Com o passar do tempo, nesse processo de construção de vínculos e afetos com as crianças, fui percebendo como elementos do meu SER dialogavam com as curiosidades, com o lúdico, com o diferente, com o divertido e os meus acessórios, jeito de falar, contar e cantar, as cores nas unhas e no cabelo. Minhas características e habilidades são elementos que fomentam as interações e me levam a este lugar de ser em alguns momentos o objeto de pesquisa de bebê, de uma criança pequena ( por vezes até de adultos) e que claramente me divirto e me aproprio disso diariamente, bem como me questionando o que e como esse SER que também é pedagógico ,ocupa os espaço e agrega a essa criança.
Situações como relações de gênero, expressões de gênero e equidade de gênero se conectam se pensarmos também nessa referência masculina que tenho sido no espaço predominante feminino e como educamos também a comunidade escolar com essas interações. Trago a ideia do meu corpo justamente porque estamos ressaltando um fato que nesse sentido da discussão é importante, quem eu sou enquanto homem social (meus processos) e quem eu sou enquanto professor/educador homem, atuando como uma das diversas referências que a criança pode ter.
Mas, trabalhar com os pequenos me pede disponibilidade corporal, me instiga a estar largado no chão, com os pés descalços fazendo alguma “arte” , esse também sou eu.
Carlotas: Quais os desafios e potenciais você reconhece em trazer a temática da construção social de gênero na infância?

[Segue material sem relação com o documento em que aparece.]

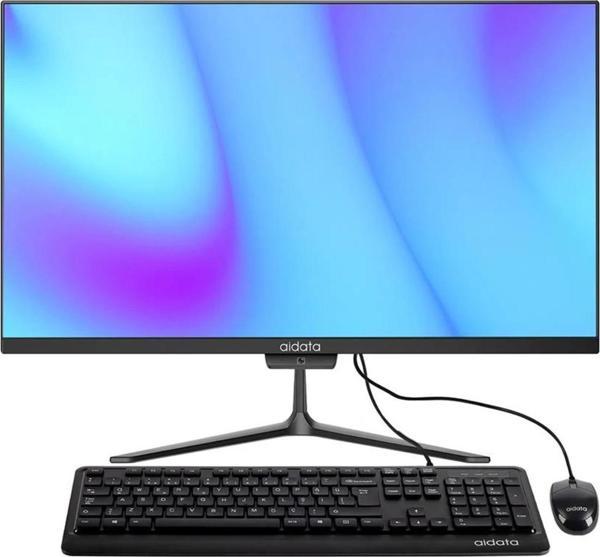 Aidata 10400-21825600X i5-10400 8GB 256SSD 21.5" FullHD FreeDOS All In One Bilgisayar - Image 1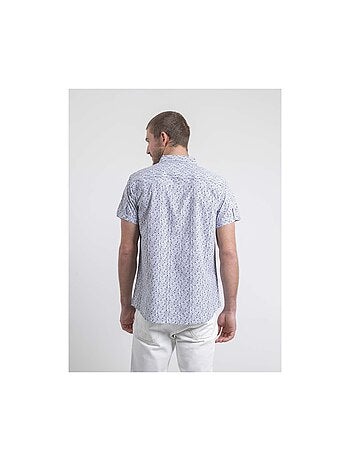 Chemise manches courtes motifs dulagon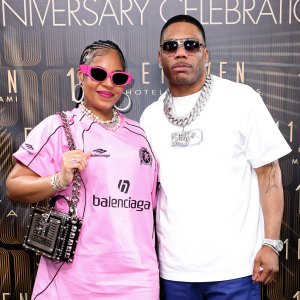 Ashanti Says Nelly Opted for an Intimate Proposal While Watching TV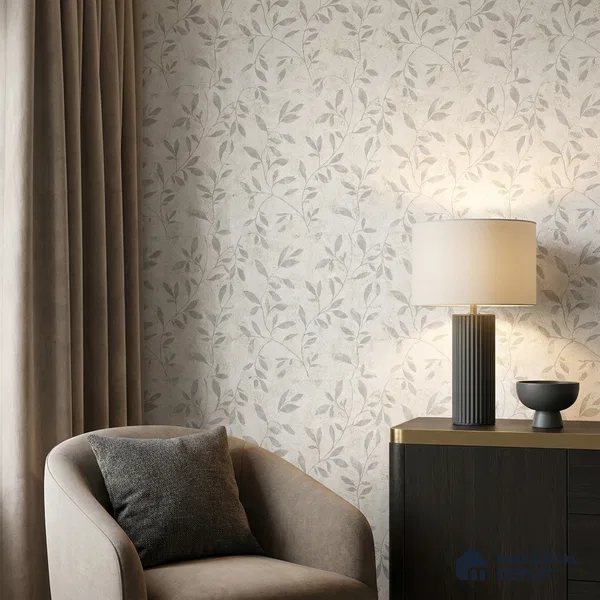 9001 | 10 Meter x 21 Inch Florals Look Wallpaper - 57 Sq. Ft. | Minimum 15% wastage during installation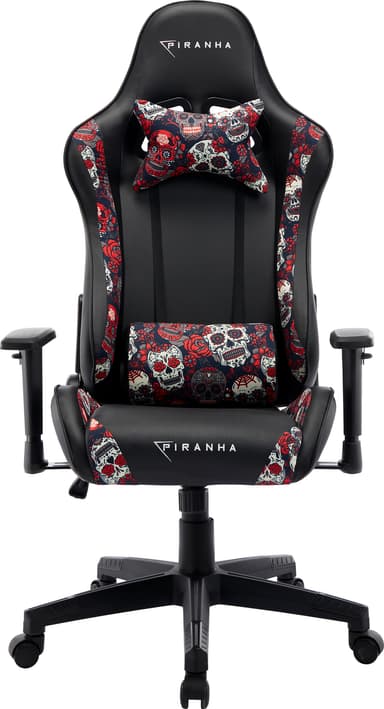 Piranha Bite gaming stol (day of the death design)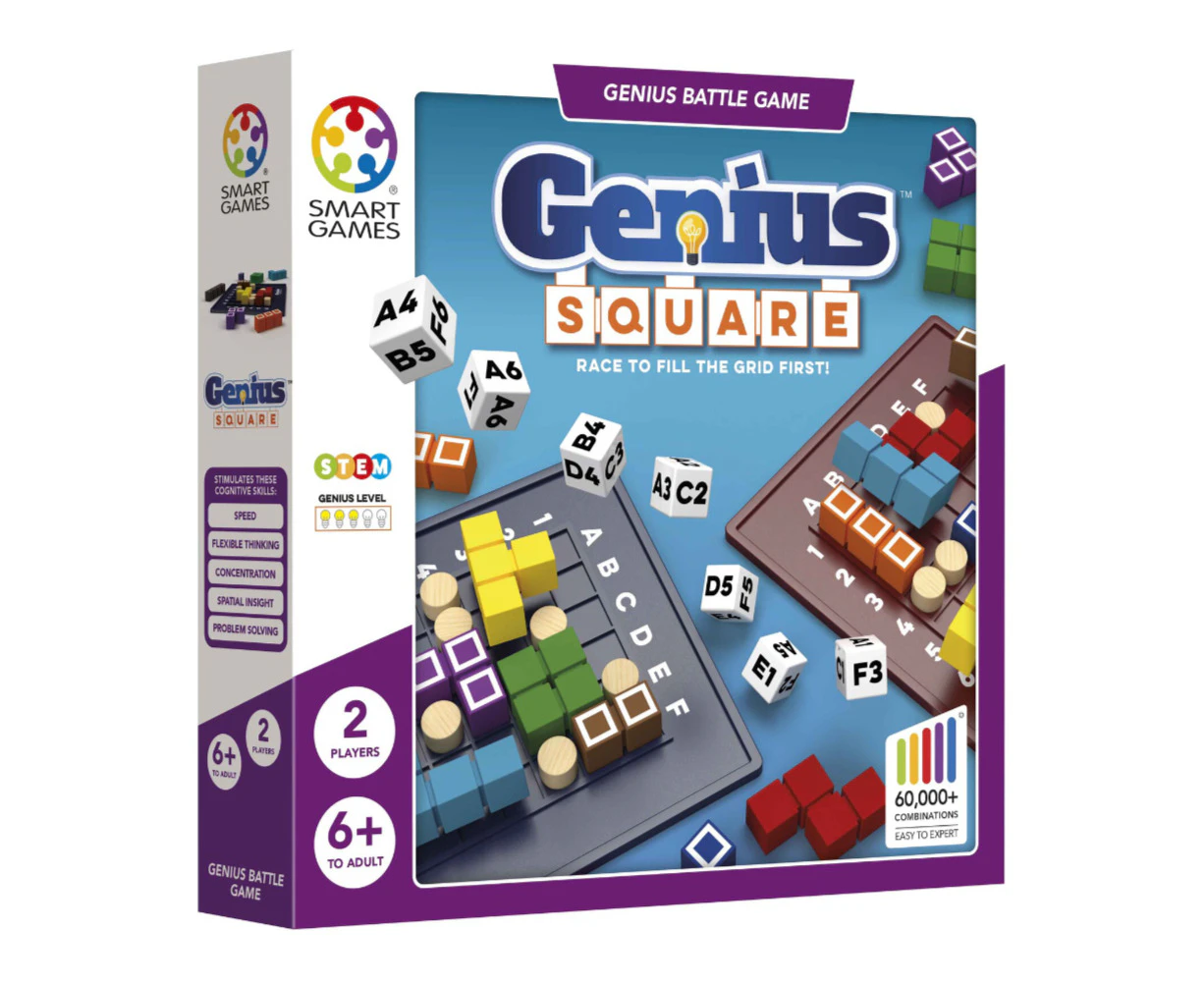 Genius Square New Edition Board Game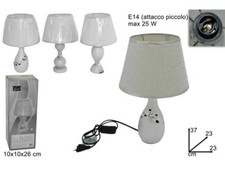 x Lume Lampada Abat Jour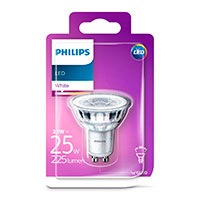 Philips LED spot GU10 - 3,1W (25W)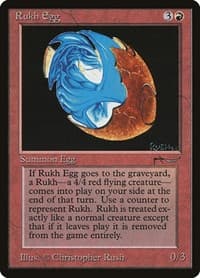 Rukh Egg (Light) - Arabian Nights - Magic: The Gathering card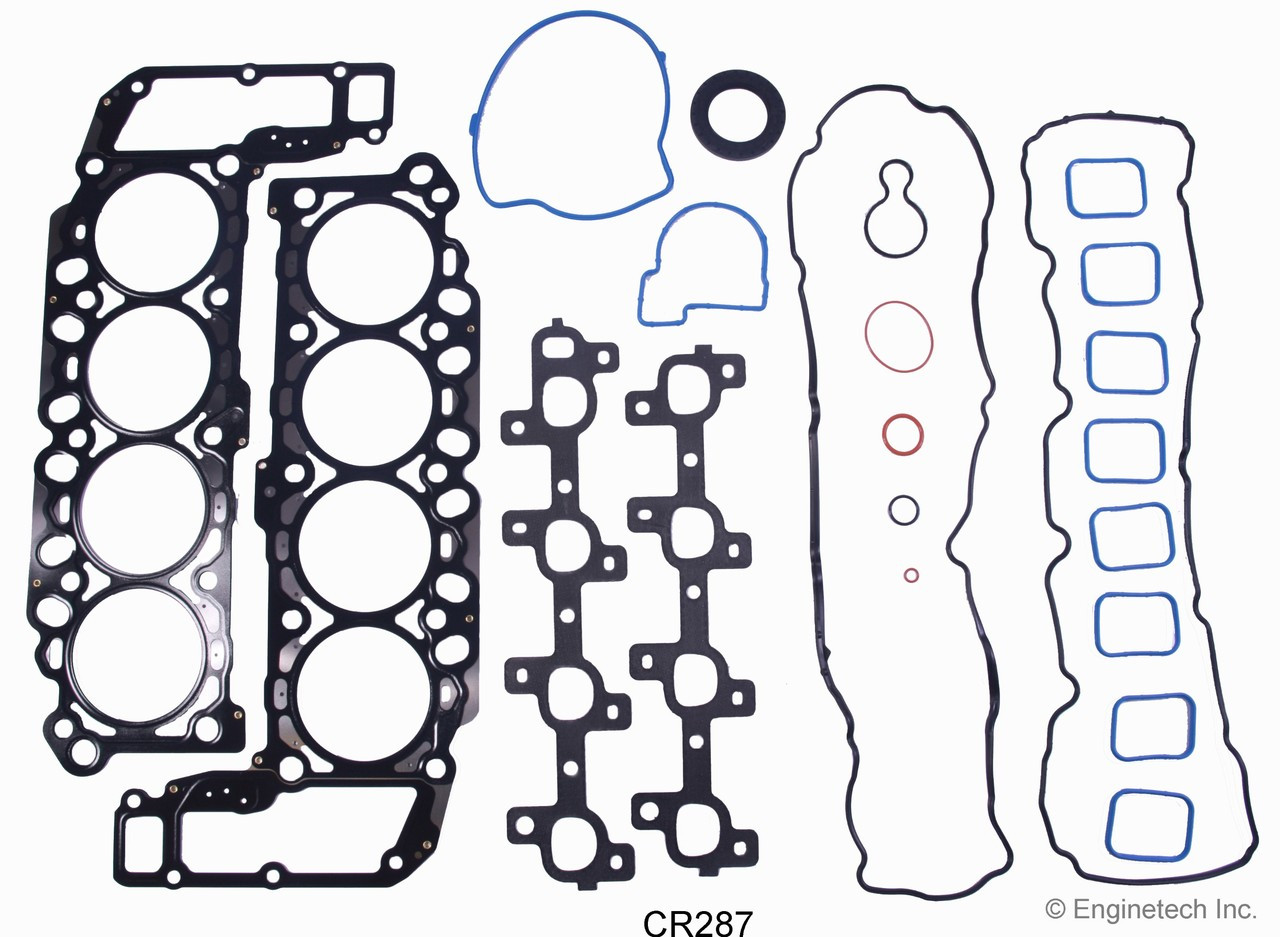 2003 Jeep Grand Cherokee 4.7L Engine Gasket Set CR287 -17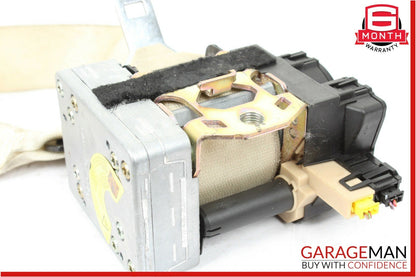 02-06 Mercedes W215 CL500 Front Right Seat Belt Seatbelt Retractor Pebble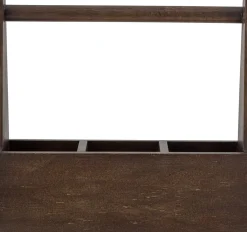 Best Jas Opbevaringskasse 30,5x28 cm, Mangotræ Kurve Og Kasser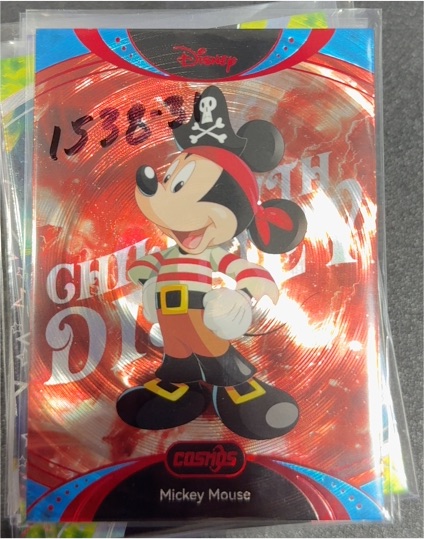 2025 Kakawow Cosmos Chill with Disney #CDT-TR-44 Mickey Mouse — front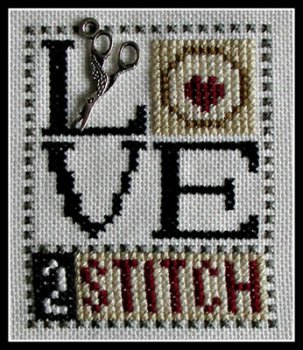 Hinzeit - Love Bits - Love 2 Stitch MAIN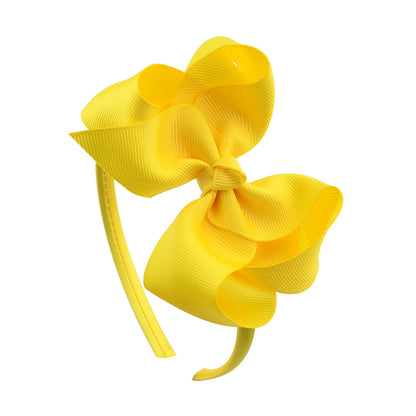 4 Kids Hair Accessory Bow Handmade 675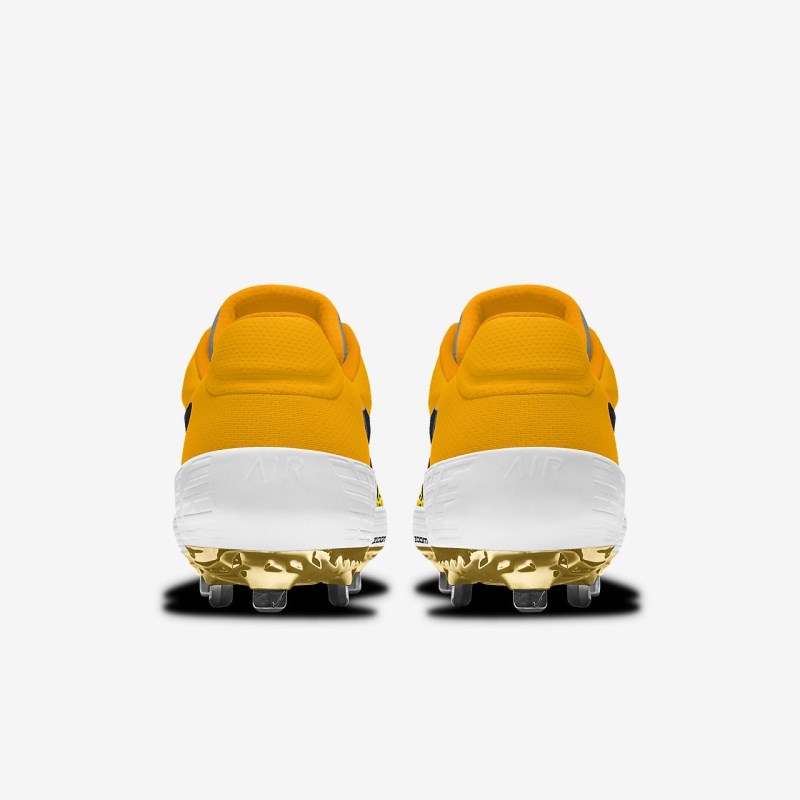 Nike Alpha ハラチ エリート 2 ロー Metal メンズ ベースボール シューズ 黄色 | CW1289-716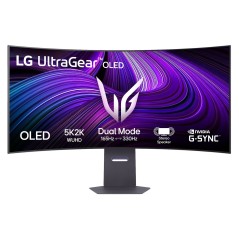 LG 45GX950A-B écran plat de PC 114,3 cm (45") 5120 x 2160 pixels WUHD OLED Noir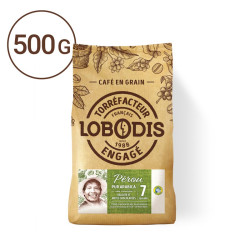 Lobodis - café arabica grains - 500g - Pérou - Pure Origine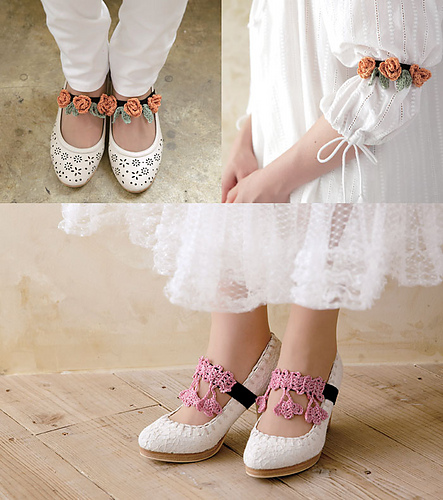 214ss-11 Shoe Decorations (version B) photo 1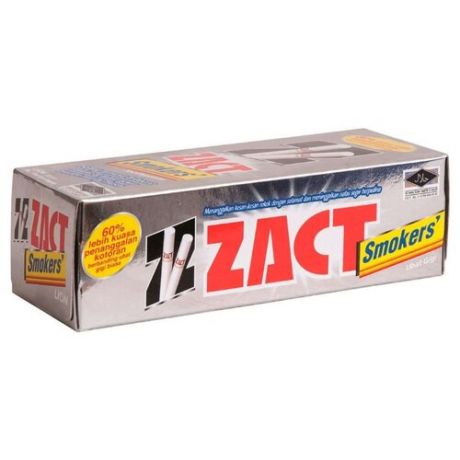 Зубная паста Lion Zact Smokers, 100 г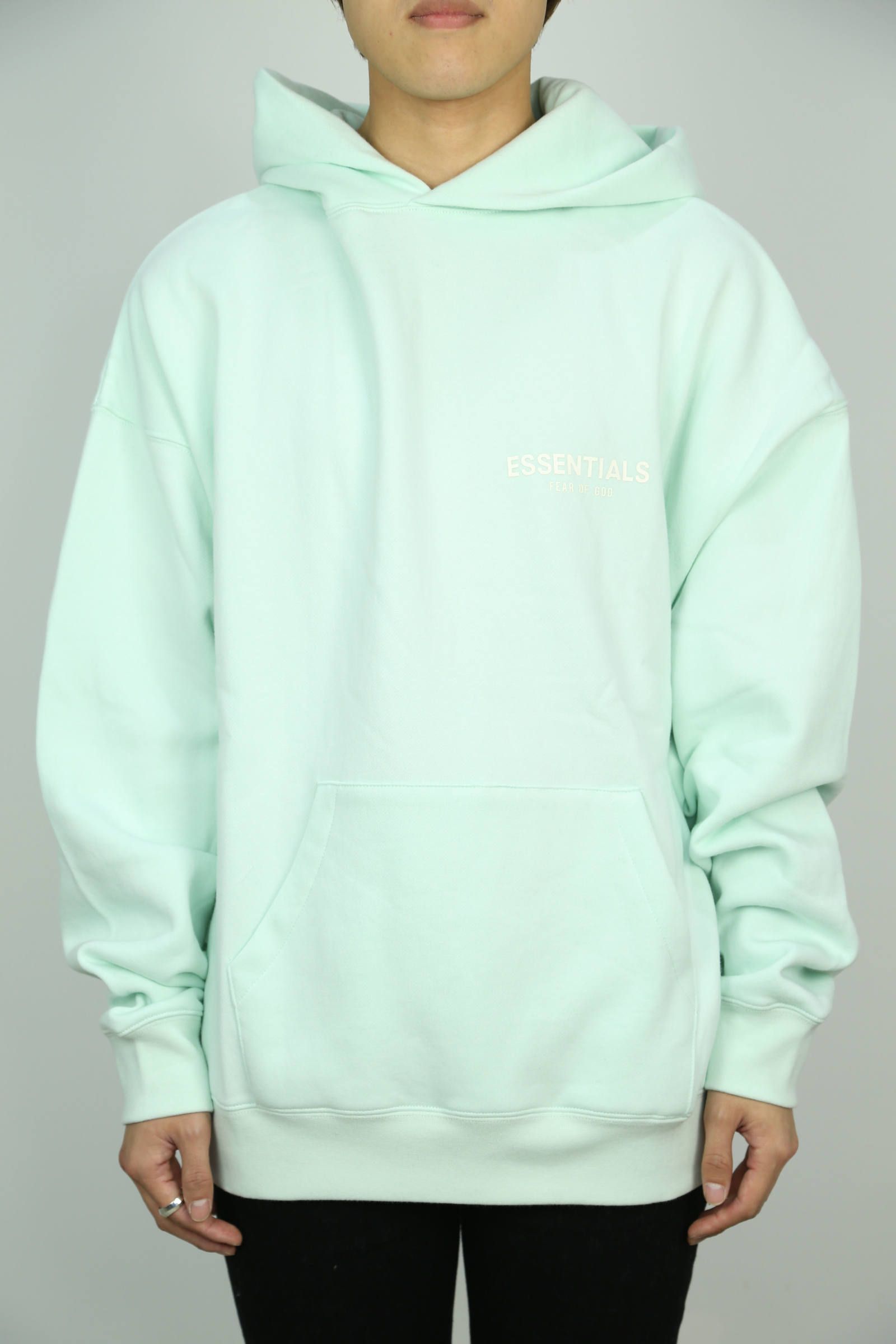 ONE POINT HOODIE / ミント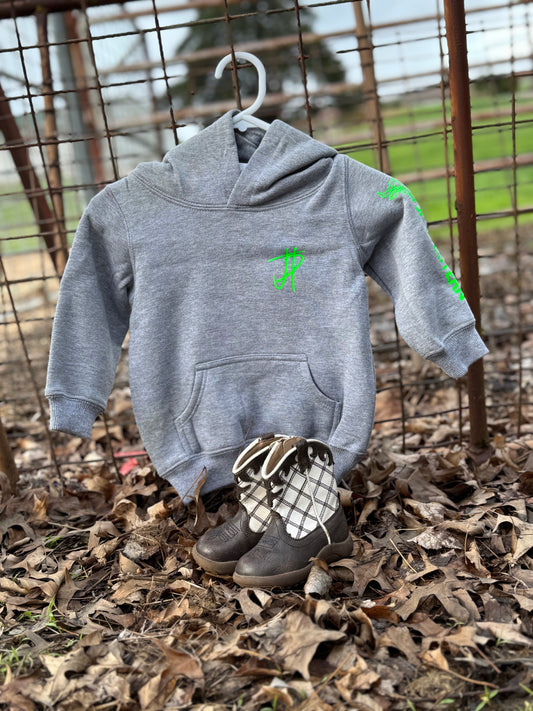 Grey Toddler Hoodie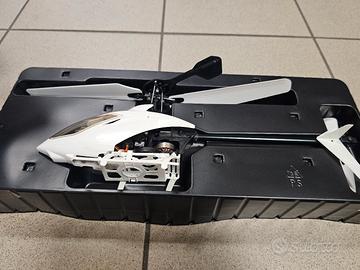 Hirobo SRB Quark elicottero pronto al volo 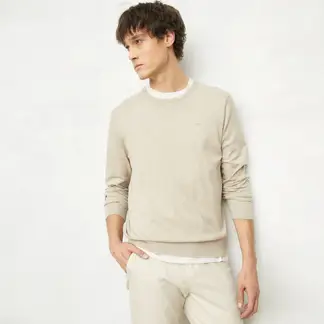 WOLF&HANK - Chompa Manga Larga 100% Algodón Hombre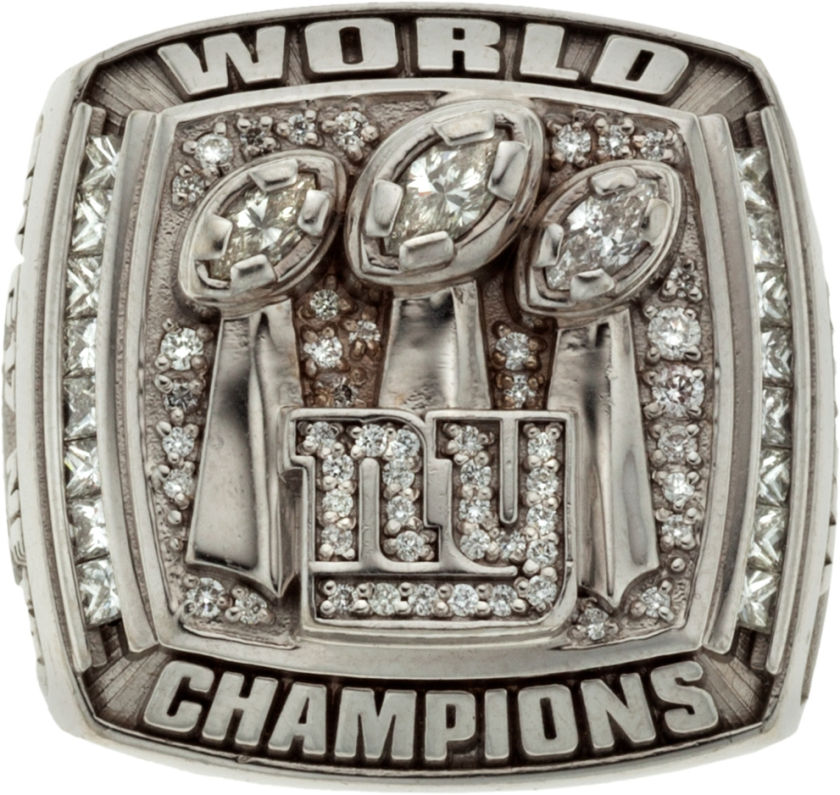 Super Bowl XLII       Jewelry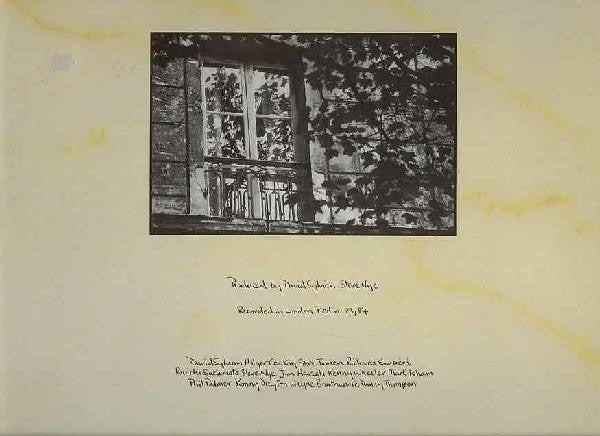 David Sylvian : Brilliant Trees (LP, Album, RE)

Daniel: Criar um ambiente respeitoso e potente de discussão, aprendizado e escuta ainda é o desafio da sociedade e da educação. Porque é preciso passar pelo processo. Os documentos que norteiam a educação Paulistana trazem conteúdos, questões e orientam para esses temas: Protagonismo infantil, relações de gênero, multiplicidade de experiências e o brincar como base da aprendizagem, temas relativamente atuais que tem demandado momentos formativos aos educadores, pois se faz necessário estudar, conhecer e compreender questões estruturais, fatores diversos e o processo histórico dessas questões que envolve a criança, a concepção de criança e primeira infância.
Nos vejo nesse momento em que olhamos de onde viemos, percebemos o quanto avançamos e quais outras maneiras podemos pensar em caminhos, em novas formas de dialogar com as inquietações do hoje e do agora. No fazer pedagógico promover mudanças, não esquecendo que educar é processo.
Quero pensar do ponto de partida de que diversidade é regra, não exceção, logo, precisamos continuar a ocupar os espaços que questionam e propõem um movimento ativo, sendo e fazendo parte de um momento da história em que estamos reparando, reconhecendo e construindo uma sociedade para todos, todas e todes. Que nossas crianças possam experimentar serem respeitadas, cuidadas, amadas na infância e sejam os educadores do amanhã.
Vamos pensar nas potências, na possibilidade das crianças terem o espaço educativo como mais uma rede de apoio no seu desenvolvimento integral. Nesse sentido, aquele que cuida também precisa ser cuidado(a) para que seu processo seja mais respeitoso.
Espaços em que o cuidado está presente apoiam o aprendizado da criança em sua convivência com as pessoas, com os animais, com o ambiente e consigo mesma. Ensinar a uma criança com respeito, demonstra que ela também deve respeitar e a permite SER na sua integralidade, menino ou menina, fazendo escolhas que priorizem a cultura de respeito, equidade, sustentabilidade, paz!